Because the meltdown at the Fukushima reactor didn’t happen until days after the mass of tsunami debris had left Japanese waters, the initial expectation was that contaminated debris wouldn’t pose a risk to this side of the Pacific. In addition, because of the vast distance involved and the time it would take for debris to travel from one side of the ocean to the other, the understanding was that even if there was contamination, it would not last long enough to matter.

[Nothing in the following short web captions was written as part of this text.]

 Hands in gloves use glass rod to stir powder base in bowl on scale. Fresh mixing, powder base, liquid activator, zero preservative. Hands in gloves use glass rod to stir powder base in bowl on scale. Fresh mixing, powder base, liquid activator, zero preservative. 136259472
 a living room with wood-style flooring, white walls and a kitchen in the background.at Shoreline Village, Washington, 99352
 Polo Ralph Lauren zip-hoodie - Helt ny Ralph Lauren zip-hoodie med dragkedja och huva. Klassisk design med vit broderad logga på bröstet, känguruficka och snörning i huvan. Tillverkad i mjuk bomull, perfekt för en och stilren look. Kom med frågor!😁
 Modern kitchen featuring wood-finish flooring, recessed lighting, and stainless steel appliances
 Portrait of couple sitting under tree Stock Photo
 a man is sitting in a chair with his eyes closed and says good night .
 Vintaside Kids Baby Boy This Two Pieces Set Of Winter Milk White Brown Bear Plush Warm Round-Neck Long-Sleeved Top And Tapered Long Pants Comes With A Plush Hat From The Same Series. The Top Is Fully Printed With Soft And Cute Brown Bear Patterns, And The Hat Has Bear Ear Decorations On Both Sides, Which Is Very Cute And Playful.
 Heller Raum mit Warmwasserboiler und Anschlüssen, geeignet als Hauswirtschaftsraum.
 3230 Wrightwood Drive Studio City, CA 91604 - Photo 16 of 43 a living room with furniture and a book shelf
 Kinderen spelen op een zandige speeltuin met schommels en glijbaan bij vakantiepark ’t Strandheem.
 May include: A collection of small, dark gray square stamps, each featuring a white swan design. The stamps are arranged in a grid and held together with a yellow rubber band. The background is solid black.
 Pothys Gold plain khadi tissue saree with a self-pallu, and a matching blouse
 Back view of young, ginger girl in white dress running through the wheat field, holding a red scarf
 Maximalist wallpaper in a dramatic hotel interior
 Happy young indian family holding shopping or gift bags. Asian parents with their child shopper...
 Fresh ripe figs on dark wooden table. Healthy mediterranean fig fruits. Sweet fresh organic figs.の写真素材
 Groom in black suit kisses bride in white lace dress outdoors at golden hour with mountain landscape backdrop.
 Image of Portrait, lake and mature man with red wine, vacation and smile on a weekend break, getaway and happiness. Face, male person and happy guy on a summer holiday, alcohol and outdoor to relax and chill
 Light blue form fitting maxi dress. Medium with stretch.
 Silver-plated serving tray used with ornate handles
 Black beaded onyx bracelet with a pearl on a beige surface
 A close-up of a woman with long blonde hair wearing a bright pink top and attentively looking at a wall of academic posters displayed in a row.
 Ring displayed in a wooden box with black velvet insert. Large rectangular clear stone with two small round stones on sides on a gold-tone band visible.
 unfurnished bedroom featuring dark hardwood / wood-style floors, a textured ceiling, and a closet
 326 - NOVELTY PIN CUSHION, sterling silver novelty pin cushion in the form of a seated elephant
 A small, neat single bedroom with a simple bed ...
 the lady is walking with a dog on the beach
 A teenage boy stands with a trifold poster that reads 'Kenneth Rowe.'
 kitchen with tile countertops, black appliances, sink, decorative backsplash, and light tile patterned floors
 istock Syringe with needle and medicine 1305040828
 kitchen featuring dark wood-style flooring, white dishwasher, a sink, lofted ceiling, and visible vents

That story is changing, however. Tuna that have been caught in California waters have been showing evidence of radiation contamination related to the Japanese reactor for the past few months. Bluefin tuna travel great distances, often swimming from one side of the ocean to the other, and some of them are apparently spiced with cesium. Lately, the focus has switched to contaminated water that was used to cool the melted-down reactors; the news is that it is leaking out of its containers and is likely to get to the ocean soon. (If it’s not there already… TEPCO, the company that is responsible for the reactors, has been notorious for understating and obfuscating the dangers associated with their site.)

It’s hard to say what all this means but the signs are not good. The ocean has long been a sink into which we pour our garbage and our “garbage” is getting more and more lethal. We don’t know what we don’t know and, more worrisome, there are far too many people who just plain don’t want to know. But what we don’t know can hurt us, and what we are doing to the oceans is completely unconscionable.